以上这些理论学习的任务就不详细介绍了,大家可以自行学习一下。

实践任务一(热身)

目标网站:Quotes to Scrape

任务内容:

  • 抓取前3页的所有名人名言和作者

  • 将数据保存为 quotes.csv

输出格式示例:

quotes.csv
quote author
The world as we have created it is a process of our thinking. Albert Einstein
实践任务一代码

要求:独立完成,不依赖于AI或浏览器

import csv

import requests
from bs4 import BeautifulSoup
import os

# 定义网站地址
url = 'https://quotes.toscrape.com'

# 定义请求头User-Agent 模拟浏览器行为
headers = {
    'User-Agent': 'Mozilla/5.0 (Windows NT 10.0; Win64; x64) AppleWebKit/537.36 (KHTML, like Gecko) Chrome/137.0.0.0 Safari/537.36 Edg/137.0.0.0'
}

# 定义最大页码
page_max = 3

# 存储地址
save_dir = 'D:\\crawler\\quotes'
os.makedirs(save_dir, exist_ok=True)  # 若目录不存在则创建
filepath = os.path.join(save_dir, 'quotes.csv')

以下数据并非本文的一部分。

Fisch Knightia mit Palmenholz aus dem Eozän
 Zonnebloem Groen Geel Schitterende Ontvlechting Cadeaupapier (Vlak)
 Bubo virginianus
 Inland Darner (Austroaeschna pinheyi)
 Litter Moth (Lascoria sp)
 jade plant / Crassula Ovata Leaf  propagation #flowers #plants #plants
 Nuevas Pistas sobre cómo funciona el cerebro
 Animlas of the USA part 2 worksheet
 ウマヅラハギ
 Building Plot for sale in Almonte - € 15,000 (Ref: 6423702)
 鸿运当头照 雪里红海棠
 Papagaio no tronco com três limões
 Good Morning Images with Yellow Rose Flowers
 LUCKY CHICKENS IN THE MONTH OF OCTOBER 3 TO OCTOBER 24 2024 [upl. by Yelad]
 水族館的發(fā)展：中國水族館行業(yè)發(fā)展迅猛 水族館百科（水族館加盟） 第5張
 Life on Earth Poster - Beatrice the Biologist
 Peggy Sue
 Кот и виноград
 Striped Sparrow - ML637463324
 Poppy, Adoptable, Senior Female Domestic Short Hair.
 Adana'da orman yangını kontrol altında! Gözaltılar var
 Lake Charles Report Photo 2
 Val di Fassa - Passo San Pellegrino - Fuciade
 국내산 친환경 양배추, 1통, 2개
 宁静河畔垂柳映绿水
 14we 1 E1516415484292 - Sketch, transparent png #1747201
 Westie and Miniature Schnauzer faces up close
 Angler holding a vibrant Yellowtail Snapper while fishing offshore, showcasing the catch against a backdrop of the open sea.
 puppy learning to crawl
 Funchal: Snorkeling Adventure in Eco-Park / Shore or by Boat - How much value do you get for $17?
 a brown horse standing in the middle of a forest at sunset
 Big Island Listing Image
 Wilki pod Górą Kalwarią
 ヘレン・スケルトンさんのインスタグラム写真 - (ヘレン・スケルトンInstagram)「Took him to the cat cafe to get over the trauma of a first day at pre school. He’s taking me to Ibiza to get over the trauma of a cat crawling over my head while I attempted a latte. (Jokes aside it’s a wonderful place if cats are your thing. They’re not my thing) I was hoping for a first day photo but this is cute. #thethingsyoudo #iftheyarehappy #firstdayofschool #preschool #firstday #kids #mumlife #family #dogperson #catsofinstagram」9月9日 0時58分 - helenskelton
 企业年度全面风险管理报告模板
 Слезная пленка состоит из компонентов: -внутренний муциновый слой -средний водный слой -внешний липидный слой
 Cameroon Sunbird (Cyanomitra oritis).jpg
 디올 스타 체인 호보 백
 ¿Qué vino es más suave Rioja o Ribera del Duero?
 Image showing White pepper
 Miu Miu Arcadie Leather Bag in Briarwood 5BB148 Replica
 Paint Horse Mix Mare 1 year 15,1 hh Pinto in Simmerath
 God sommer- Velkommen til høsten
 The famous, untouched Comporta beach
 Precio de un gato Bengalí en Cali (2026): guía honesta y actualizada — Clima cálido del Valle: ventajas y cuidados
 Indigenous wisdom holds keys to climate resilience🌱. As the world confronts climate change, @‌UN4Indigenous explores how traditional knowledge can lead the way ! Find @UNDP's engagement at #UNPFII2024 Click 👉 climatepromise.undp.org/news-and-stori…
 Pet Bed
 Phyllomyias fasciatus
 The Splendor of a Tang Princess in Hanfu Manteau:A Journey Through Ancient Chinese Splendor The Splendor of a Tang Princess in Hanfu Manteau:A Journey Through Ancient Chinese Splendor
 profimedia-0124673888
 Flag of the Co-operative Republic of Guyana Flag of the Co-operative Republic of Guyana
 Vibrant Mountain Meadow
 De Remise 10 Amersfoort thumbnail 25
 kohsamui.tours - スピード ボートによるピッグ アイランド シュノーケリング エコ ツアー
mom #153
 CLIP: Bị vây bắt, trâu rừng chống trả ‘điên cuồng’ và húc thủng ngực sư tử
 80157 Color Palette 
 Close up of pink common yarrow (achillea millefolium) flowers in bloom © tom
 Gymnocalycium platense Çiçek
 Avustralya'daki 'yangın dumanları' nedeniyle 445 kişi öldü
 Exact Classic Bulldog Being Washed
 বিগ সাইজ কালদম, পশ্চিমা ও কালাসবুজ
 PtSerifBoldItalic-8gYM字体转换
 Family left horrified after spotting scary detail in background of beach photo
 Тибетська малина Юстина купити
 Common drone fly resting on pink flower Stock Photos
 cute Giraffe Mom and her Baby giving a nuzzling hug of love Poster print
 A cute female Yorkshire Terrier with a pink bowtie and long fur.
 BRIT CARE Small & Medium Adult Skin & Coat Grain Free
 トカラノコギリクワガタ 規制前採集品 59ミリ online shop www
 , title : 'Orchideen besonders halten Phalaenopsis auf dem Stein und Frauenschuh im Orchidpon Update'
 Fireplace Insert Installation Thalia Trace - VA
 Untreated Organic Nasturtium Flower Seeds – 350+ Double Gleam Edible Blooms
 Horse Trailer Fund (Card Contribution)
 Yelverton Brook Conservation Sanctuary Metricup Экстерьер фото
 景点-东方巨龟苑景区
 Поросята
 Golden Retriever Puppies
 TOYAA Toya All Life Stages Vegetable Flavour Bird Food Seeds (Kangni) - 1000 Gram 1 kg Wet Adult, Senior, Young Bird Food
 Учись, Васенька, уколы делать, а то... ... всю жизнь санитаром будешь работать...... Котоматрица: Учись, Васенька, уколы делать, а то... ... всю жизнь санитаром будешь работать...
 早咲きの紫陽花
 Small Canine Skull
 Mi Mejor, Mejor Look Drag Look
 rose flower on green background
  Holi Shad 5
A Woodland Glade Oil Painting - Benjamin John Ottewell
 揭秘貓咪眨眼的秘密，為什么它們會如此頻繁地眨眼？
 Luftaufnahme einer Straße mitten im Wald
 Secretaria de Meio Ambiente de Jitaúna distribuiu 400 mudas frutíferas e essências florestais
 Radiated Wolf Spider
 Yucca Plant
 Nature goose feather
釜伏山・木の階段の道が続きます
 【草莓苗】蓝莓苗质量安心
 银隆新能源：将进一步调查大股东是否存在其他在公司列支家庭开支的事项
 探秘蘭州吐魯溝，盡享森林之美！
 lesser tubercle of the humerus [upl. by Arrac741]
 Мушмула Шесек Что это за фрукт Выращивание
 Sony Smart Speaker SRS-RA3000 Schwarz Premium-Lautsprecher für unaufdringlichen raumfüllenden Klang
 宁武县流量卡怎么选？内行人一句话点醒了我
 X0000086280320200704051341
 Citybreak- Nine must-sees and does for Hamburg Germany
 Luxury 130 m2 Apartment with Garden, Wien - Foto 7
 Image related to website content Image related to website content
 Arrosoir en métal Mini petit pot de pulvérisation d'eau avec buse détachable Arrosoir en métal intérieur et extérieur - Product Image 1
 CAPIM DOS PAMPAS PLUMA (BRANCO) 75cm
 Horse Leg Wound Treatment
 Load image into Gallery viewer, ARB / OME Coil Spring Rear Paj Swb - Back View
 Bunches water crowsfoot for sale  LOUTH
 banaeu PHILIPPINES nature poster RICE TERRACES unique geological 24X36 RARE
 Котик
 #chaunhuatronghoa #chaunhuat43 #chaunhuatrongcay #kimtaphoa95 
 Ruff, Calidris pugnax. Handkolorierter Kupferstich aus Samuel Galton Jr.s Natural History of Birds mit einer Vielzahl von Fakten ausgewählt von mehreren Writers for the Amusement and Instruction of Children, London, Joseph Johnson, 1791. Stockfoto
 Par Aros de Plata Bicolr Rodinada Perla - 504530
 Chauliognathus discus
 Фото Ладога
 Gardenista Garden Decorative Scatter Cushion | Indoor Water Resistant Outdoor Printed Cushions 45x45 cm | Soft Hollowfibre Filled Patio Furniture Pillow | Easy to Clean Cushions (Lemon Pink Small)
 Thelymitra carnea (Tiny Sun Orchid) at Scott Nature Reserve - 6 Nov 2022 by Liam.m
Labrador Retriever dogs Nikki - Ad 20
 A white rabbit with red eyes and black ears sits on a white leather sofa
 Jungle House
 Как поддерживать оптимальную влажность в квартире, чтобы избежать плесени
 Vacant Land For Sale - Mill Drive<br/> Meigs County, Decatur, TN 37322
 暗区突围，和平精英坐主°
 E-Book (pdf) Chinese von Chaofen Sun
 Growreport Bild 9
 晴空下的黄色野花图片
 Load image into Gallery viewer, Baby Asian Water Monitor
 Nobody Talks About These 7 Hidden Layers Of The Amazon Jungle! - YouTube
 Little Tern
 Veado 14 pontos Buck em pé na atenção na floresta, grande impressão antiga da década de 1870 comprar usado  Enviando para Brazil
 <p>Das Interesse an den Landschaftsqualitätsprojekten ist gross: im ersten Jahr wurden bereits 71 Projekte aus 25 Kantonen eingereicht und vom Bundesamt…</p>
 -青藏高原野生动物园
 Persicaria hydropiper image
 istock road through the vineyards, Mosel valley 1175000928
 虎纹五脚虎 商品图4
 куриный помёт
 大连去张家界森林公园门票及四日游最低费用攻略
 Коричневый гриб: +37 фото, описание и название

with open(filepath, 'w', newline='', encoding='utf-8') as f:
    writer = csv.writer(f)
    # 写入表头
    writer.writerow(['quote', 'author'])
    for page_num in range(1, page_max + 1):
        if page_num == 1:
            page_num_url = url
        else:
            page_num_url = url + '/page/' + str(page_num) + '/'
        print('>>>>>> 正在处理第', page_num, '页 <<<<<<')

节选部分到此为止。